After all, wasn’t this what the much-vaunted Republican Revolution of 1994 was all about? Having won control over both houses of Congress, didn’t Republicans tell us that they intended to abolish the departments of Education, Commerce, Energy, and a host of other nonessential departments and agencies of the federal government? Didn’t they tell us that the time had come to dismantle, not reform, Franklin Roosevelt’s New Deal and Lyndon Johnson’s Great Society?

Alas, it was the revolution that fizzled before it even got started. And what was the excuse the Republicans gave us for their failure even to pursue their goals? “President Clinton will simply veto our bills and so we shouldn’t even try. O! if only we had a Republican president!”

Well, with the upcoming Republican control over both houses of Congress and with a Republican president, why not start planning to do some abolishing and dismantling now? Why not seize this rare opportunity to rid our nation of immoral and destructive welfare-state and regulatory programs, along with the heavy taxes that pay for them?

Why do we need such departments as HUD, HHS, Labor, Energy, and Commerce? All they do is receive and spend money that has been taken from the taxpayers by the Internal Revenue Service (another one that deserves the chopping block ) and interfere, through regulation, with the peaceful activities of the American people.

Thus, I ask again: why are they needed?
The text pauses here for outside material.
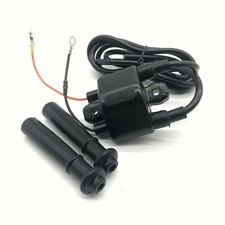 For yamaha 75hp 80hp 90hp - 75hp,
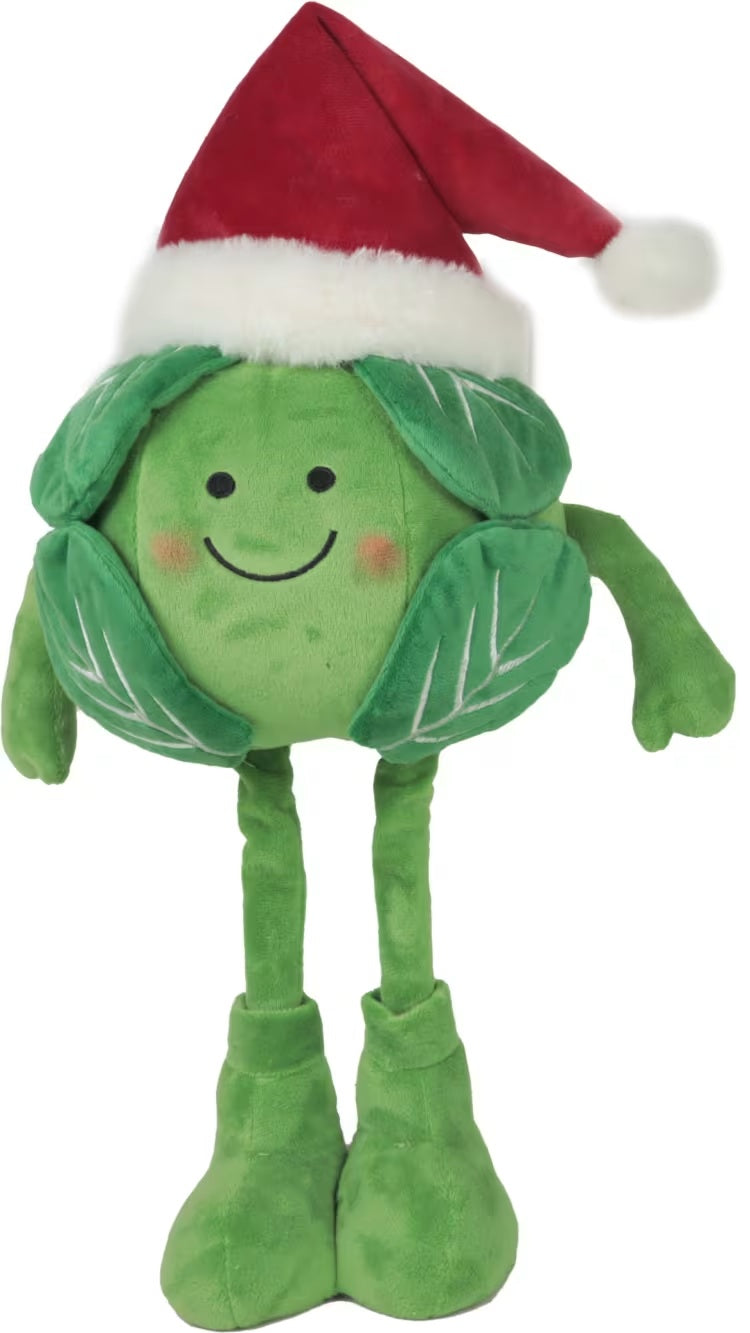 Sprout Extending 45cm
Why is it necessary (and moral) for government to take money away from people to whom it belongs in order to have bureaucracies give it to people to whom it does not belong? Why is it necessary (and moral) for government to interfere with the mutually beneficial, peaceful relationships that exist between people?

In arguing for a tax cut, Bush says that people should be able to spend more of their own money. Well, if it’s really *their* money (which it is), why shouldn’t they be free to spend all of it rather than just a portion of it? Why should government have the power to decide how much of their money they will be permitted to keep and spend on themselves and how much bureaucrats will be able to spend in the form of political largess?

For decades, Republicans and conservatives have relied on their tried-and-true mantra of “free enterprise, private property, and limited government.” You can see it on their stationery. You can hear it at their conferences.

But what they never do (and cannot do) is reconcile their free-market bromides with their support of nonessential departments, agencies, and bureaucracies of government that have proven so destructive to the liberty and well-being of the American people.

After all, let’s face it: these nonessential welfare-regulatory departments are nothing more than a classic embodiment of the socialistic central-planning paradigm that has failed all over the world: government bureaucrats planning, in a top-down, command-and-control fashion, the peaceful activities of tens of millions of people.

Unfortunately, like so many people around the world, President-elect Bush believes that the secret to making central planning succeed is to find “good people” to run the departments. In so doing, he, like so many others, fails to come to grips with the uncomfortable truth: the defects of central planning are inherent in the socialist paradigm itself. No one, not even Americans, is capable of making central planning succeed.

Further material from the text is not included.